## [WHAT THE EXERCISE ASKS]
Please return, with no alterations, the lines below from the very first through the one that contains "Image One Men's".

## [MATERIALS PROVIDED]

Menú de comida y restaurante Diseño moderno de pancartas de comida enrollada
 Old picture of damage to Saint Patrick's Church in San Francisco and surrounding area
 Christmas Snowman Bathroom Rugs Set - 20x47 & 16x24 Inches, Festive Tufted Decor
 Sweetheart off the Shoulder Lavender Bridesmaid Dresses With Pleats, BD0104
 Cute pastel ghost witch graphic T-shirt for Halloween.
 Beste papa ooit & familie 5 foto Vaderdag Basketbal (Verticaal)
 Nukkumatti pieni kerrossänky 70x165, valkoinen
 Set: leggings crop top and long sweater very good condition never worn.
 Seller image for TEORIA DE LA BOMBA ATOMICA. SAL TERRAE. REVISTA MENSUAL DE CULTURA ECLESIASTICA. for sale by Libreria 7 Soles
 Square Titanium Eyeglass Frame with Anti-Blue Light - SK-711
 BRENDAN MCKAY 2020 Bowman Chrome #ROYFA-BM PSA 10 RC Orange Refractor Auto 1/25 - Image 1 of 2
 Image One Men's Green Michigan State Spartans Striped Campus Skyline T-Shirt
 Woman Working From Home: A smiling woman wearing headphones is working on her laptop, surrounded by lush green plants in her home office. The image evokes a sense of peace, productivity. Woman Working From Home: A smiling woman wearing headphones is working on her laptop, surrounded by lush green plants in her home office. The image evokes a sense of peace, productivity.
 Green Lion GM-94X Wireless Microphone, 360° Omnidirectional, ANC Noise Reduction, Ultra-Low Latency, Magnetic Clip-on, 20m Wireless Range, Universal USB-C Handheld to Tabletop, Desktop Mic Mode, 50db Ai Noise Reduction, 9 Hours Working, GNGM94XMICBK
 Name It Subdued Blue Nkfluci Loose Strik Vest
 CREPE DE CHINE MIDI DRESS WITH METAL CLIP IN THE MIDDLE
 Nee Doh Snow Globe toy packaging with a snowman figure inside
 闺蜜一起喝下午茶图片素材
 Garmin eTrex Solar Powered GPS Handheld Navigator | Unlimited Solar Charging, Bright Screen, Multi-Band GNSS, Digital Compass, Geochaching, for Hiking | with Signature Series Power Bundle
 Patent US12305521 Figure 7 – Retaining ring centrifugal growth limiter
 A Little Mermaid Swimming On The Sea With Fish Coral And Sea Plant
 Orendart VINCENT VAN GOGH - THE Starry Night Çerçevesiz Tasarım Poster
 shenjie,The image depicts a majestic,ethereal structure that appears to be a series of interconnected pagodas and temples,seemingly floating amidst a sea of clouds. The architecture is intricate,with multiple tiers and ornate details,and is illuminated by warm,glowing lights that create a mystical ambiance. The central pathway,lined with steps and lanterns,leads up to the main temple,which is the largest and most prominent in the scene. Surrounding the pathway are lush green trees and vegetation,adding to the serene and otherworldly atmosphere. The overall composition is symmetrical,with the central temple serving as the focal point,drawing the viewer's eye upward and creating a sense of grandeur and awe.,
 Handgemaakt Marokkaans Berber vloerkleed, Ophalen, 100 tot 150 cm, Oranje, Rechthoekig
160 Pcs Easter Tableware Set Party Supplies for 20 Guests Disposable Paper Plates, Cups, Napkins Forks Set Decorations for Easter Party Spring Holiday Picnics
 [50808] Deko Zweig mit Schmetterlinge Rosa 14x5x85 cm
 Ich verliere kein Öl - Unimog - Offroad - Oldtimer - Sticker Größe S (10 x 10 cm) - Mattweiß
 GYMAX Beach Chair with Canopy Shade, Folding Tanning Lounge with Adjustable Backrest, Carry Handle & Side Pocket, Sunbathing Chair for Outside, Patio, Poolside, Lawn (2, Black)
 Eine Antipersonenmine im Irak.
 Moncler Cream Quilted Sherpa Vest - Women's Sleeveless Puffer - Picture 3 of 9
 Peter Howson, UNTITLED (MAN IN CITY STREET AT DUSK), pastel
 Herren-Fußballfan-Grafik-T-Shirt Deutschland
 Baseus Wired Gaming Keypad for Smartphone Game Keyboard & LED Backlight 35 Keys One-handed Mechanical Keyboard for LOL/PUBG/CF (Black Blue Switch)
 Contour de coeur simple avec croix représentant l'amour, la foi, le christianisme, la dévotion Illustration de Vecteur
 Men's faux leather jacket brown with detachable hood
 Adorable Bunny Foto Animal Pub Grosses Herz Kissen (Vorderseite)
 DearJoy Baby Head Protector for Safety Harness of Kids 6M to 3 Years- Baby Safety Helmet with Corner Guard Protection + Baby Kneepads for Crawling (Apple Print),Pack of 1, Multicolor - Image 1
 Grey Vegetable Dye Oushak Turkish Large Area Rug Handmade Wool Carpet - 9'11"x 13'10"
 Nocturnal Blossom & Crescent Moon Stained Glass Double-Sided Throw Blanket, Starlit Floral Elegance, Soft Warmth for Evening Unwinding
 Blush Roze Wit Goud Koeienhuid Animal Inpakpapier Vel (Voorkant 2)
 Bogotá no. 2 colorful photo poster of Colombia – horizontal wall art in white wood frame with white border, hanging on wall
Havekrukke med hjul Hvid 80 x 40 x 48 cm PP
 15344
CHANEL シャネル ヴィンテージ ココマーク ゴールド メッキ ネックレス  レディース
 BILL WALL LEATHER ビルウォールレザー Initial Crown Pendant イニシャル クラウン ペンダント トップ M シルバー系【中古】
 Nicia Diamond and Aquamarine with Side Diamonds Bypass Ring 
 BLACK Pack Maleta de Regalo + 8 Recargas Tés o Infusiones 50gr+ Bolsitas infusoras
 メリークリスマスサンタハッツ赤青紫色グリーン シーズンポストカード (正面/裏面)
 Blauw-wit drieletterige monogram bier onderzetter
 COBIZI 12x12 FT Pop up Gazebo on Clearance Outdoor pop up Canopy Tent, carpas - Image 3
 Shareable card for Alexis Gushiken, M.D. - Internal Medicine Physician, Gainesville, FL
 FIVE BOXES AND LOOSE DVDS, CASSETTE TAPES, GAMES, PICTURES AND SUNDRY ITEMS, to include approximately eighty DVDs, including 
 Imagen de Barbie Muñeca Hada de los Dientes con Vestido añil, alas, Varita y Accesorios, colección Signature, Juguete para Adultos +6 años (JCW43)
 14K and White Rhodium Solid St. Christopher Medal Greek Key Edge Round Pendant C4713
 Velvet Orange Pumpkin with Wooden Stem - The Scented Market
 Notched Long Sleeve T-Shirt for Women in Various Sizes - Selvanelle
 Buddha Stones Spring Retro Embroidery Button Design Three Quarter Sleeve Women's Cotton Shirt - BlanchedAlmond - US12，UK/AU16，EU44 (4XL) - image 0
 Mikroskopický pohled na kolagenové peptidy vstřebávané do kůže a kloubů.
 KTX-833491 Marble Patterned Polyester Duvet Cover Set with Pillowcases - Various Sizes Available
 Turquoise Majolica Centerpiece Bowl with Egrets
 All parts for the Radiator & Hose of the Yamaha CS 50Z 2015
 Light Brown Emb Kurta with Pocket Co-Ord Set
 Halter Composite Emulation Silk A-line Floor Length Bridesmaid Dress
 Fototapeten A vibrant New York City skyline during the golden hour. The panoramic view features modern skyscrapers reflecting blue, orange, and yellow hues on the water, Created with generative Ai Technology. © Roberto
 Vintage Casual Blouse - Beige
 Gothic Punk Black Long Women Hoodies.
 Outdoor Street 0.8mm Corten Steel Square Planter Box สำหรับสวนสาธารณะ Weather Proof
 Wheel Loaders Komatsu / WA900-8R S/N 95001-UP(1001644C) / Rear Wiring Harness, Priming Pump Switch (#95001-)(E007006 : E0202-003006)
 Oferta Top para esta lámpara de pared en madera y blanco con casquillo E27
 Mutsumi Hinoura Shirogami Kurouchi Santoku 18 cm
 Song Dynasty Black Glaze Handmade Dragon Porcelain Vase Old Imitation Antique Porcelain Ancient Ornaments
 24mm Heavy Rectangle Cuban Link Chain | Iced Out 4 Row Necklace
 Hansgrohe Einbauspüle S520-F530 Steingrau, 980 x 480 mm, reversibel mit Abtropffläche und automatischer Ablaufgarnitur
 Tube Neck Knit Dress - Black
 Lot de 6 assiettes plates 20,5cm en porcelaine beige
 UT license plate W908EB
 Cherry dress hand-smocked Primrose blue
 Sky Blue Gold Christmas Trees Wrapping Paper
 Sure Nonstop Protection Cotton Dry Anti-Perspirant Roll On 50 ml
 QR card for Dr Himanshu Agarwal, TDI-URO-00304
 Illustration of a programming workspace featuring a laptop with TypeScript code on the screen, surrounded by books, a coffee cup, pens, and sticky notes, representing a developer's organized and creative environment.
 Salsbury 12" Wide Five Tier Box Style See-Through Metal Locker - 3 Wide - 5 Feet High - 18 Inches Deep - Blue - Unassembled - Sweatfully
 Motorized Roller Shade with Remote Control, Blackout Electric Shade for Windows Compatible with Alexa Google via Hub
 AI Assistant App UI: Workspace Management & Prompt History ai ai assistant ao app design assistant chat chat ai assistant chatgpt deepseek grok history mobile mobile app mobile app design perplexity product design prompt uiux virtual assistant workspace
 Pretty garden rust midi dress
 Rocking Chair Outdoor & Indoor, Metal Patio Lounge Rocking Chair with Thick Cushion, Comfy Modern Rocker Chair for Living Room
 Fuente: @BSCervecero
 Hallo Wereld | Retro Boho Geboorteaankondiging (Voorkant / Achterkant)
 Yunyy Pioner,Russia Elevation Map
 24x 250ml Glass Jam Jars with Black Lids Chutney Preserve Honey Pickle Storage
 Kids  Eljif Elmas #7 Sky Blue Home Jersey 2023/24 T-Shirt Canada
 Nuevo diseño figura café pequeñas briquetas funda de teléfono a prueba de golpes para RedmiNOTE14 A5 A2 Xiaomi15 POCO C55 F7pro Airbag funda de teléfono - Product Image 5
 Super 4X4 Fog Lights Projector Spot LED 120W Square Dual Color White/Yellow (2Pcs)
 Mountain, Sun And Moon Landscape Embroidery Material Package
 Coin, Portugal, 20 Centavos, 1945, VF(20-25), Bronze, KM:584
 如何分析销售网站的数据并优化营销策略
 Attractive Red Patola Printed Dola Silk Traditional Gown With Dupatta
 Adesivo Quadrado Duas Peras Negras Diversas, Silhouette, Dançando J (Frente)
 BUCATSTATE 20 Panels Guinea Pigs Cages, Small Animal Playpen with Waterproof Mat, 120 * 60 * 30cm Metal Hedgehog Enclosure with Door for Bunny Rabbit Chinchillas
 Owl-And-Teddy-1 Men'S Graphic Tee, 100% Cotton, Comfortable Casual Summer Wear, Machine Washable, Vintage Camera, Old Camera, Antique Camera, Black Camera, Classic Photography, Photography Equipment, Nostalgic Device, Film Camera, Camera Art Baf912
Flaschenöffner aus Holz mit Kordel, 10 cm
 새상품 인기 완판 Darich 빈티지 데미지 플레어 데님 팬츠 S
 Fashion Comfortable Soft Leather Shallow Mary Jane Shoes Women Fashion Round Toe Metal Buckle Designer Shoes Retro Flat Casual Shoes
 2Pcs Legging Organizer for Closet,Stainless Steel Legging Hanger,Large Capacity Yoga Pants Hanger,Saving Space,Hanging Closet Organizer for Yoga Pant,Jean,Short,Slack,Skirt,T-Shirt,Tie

## [EXERCISE RESPONSE]
Menú de comida y restaurante Diseño moderno de pancartas de comida enrollada
 Old picture of damage to Saint Patrick's Church in San Francisco and surrounding area
 Christmas Snowman Bathroom Rugs Set - 20x47 & 16x24 Inches, Festive Tufted Decor
 Sweetheart off the Shoulder Lavender Bridesmaid Dresses With Pleats, BD0104
 Cute pastel ghost witch graphic T-shirt for Halloween.
 Beste papa ooit & familie 5 foto Vaderdag Basketbal (Verticaal)
 Nukkumatti pieni kerrossänky 70x165, valkoinen
 Set: leggings crop top and long sweater very good condition never worn.
 Seller image for TEORIA DE LA BOMBA ATOMICA. SAL TERRAE. REVISTA MENSUAL DE CULTURA ECLESIASTICA. for sale by Libreria 7 Soles
 Square Titanium Eyeglass Frame with Anti-Blue Light - SK-711
 BRENDAN MCKAY 2020 Bowman Chrome #ROYFA-BM PSA 10 RC Orange Refractor Auto 1/25 - Image 1 of 2
 Image One Men's Green Michigan State Spartans Striped Campus Skyline T-Shirt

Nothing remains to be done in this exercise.